Caroline évoque aussi son passage au Mont Rushmore, mémorial national situé près de la ville de Rapid City dans le Dakota du Sud. Pour attirer les touristes dans la région, le gouvernement confia à Gutzon Borglum (aidé de 400 ouvriers) le soin de sculpter à même le granite les visages de quatre illustres présidents des États-Unis : G. Washington, T. Jefferson, T. Roosevelt et A. Lincoln (les travaux durèrent de 1927 à 1941!). Le site accueille aujourd'hui environ 3 millions de visiteurs par an. Caroline assiste à la cérémonie nocturne, spectaculaire célébration à la gloire des États-Unis qui se clôture par le traditionnel hommage aux soldats, l'hymne national repris par l'ensemble de l'assistance et l'illumination du Mont! Un grand moment de patriotisme qui n'est pas sans soulevé certaines controverses. En effet, pour les descendants des indiens Lakotas, le mémorial du Mont Rushmore (qu'ils considèrent comme sacré) est le symbole du racisme, de la domination blanche et de l'extermination de leurs ancêtres. D'une manière plus générale, les territoires traversés par Caroline pendant son périple vers l'ouest ont été le théâtre des principaux affrontements entre les troupes fédérales et les tribus amérindiennes entre 1860 et 1890. Ces "guerres indiennes", émaillées de nombreux massacres (comme celui de Wounded Knee en 1890 où périrent plus de 200 Sioux), ont permis l'achèvement de la conquête du territoire des États-Unis par les colons européens (la plupart des traités signés entre les différents gouvernements et les tribus autochtones ne furent pas respectés, comme ce fut le cas pour celui de Fort Laramie de 1868 qui prévoyait de laisser la région du Mont Rushmore aux Lakotas) et ont surtout entrainé la quasi disparition des "natives americans" (les indiens ne sont plus que 250 000 en 1890)... Un passé moins glorieux aujourd'hui encore facteur de revendications identitaires et mémorielles.
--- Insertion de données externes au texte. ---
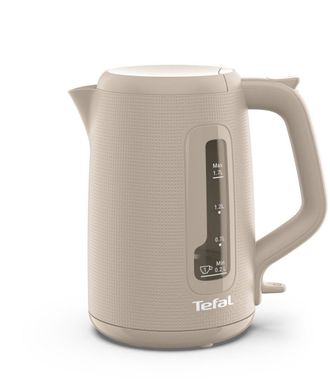 T-fal Hervidor El&eacute;ctrico Tefal Morning Kettle 2400 W 1,7 L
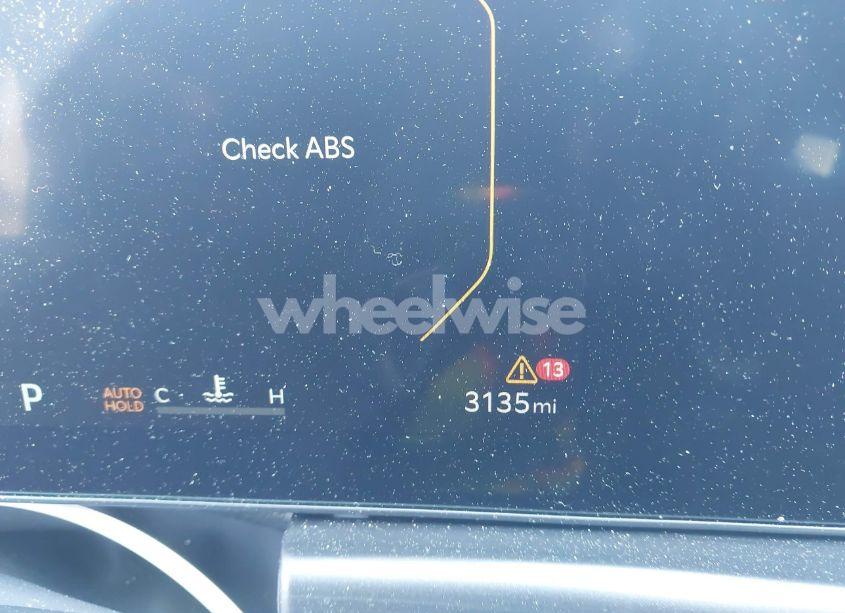 Photo 15 of 2025 Kia K5 GT (VIN KNAG44J85S5332761)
Cérémonie nocturne au Mont Rushmore
Une autre Amérique donc, peut-être quelque peu nostalgique mais surtout fière de ces racines et de ses richesses, une Amérique ancrée dans ses traditions et dans un patriotisme assumé et ostentatoire, mais une Amérique toujours aussi mythique et hospitalière, pour Caroline tout du moins!
C'est à présent la côte pacifique et la Californie qui attendent envoyée spéciale. On the road again....

Born to be Wild!
PS#1 : visite à Paisley Park
En quittant le nord-est, Caroline s'est rapidement arrêtée dans les "twin cities" de Minneapolis-Saint Paul, principalement pour se rendre Paisley Park, vaste complexe de studios d'enregistrement et de salles de répétition où résidait Prince Rogers Nelson dit Prince. Disparu en 2016, ce multi-instrumentiste de génie et showman incomparable s'est imposé comme la figure emblématique de la scène musicale de Minneapolis. Son goût pour l'expérimentation, son sens du groove et ses mélodie pop en font même un des plus grands artistes contemporains, comme en témoignent ses tubes planétaires, "Kiss", "Purple Rain" ou "Boys & Grils". Paisley Park est aujourd'hui transformé en musée à la gloire du "Kid de Minneapolis" ; séquence émotion devant la maquette miniature du site qui contient les cendres du génie pourpre...

Le complexe de Paisley Park, aujourd'hui transformé en musée.